From the first line of the records below through the line containing "StepSiblings 22 04", copy everything exactly and nothing more.

→ Supplied records:
****************

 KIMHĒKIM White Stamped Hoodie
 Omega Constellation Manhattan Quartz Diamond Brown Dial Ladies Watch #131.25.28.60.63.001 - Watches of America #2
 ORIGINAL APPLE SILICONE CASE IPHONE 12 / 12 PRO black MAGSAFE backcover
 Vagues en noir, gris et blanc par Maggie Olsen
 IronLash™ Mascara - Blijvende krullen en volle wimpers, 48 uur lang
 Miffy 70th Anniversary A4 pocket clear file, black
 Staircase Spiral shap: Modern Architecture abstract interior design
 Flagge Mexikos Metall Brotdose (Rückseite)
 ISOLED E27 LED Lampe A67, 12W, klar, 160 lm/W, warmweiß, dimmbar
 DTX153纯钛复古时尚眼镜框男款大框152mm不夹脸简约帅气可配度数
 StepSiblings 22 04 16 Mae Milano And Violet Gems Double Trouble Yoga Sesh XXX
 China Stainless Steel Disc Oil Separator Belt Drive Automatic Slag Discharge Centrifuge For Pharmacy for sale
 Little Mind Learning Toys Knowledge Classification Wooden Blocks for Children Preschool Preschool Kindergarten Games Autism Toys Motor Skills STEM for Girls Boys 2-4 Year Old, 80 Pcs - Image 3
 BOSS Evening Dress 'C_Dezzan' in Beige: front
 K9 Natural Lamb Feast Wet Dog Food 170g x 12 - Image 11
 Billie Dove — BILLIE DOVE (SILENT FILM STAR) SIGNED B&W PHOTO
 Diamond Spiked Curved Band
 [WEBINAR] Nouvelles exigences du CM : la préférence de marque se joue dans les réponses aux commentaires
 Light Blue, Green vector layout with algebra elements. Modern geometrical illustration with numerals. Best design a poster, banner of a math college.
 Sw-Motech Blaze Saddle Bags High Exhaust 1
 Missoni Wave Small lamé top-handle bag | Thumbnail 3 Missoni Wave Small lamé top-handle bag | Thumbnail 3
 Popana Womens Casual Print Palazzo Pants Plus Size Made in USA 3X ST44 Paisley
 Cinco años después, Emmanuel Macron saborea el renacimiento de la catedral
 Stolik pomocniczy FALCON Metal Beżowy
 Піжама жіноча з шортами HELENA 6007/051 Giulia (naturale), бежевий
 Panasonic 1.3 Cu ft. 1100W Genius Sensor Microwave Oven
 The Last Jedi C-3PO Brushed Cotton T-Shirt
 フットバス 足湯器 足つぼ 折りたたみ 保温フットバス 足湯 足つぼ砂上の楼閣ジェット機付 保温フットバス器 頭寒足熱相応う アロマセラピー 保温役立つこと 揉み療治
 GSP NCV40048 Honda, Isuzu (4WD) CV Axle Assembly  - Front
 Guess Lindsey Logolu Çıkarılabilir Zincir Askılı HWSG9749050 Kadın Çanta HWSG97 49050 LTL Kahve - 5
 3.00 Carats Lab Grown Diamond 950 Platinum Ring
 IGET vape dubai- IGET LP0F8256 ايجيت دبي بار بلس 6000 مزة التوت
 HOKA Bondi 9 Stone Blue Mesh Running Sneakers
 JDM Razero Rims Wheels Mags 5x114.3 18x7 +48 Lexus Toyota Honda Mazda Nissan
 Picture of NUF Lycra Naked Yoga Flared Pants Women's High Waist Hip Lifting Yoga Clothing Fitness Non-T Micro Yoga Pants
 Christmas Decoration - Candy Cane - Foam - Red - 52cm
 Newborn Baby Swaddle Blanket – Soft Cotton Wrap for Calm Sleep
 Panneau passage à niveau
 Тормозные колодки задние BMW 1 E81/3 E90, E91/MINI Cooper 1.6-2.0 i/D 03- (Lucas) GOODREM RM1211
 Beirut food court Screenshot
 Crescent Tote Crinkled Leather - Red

****************

→ Final answer:
 KIMHĒKIM White Stamped Hoodie
 Omega Constellation Manhattan Quartz Diamond Brown Dial Ladies Watch #131.25.28.60.63.001 - Watches of America #2
 ORIGINAL APPLE SILICONE CASE IPHONE 12 / 12 PRO black MAGSAFE backcover
 Vagues en noir, gris et blanc par Maggie Olsen
 IronLash™ Mascara - Blijvende krullen en volle wimpers, 48 uur lang
 Miffy 70th Anniversary A4 pocket clear file, black
 Staircase Spiral shap: Modern Architecture abstract interior design
 Flagge Mexikos Metall Brotdose (Rückseite)
 ISOLED E27 LED Lampe A67, 12W, klar, 160 lm/W, warmweiß, dimmbar
 DTX153纯钛复古时尚眼镜框男款大框152mm不夹脸简约帅气可配度数
 StepSiblings 22 04 16 Mae Milano And Violet Gems Double Trouble Yoga Sesh XXX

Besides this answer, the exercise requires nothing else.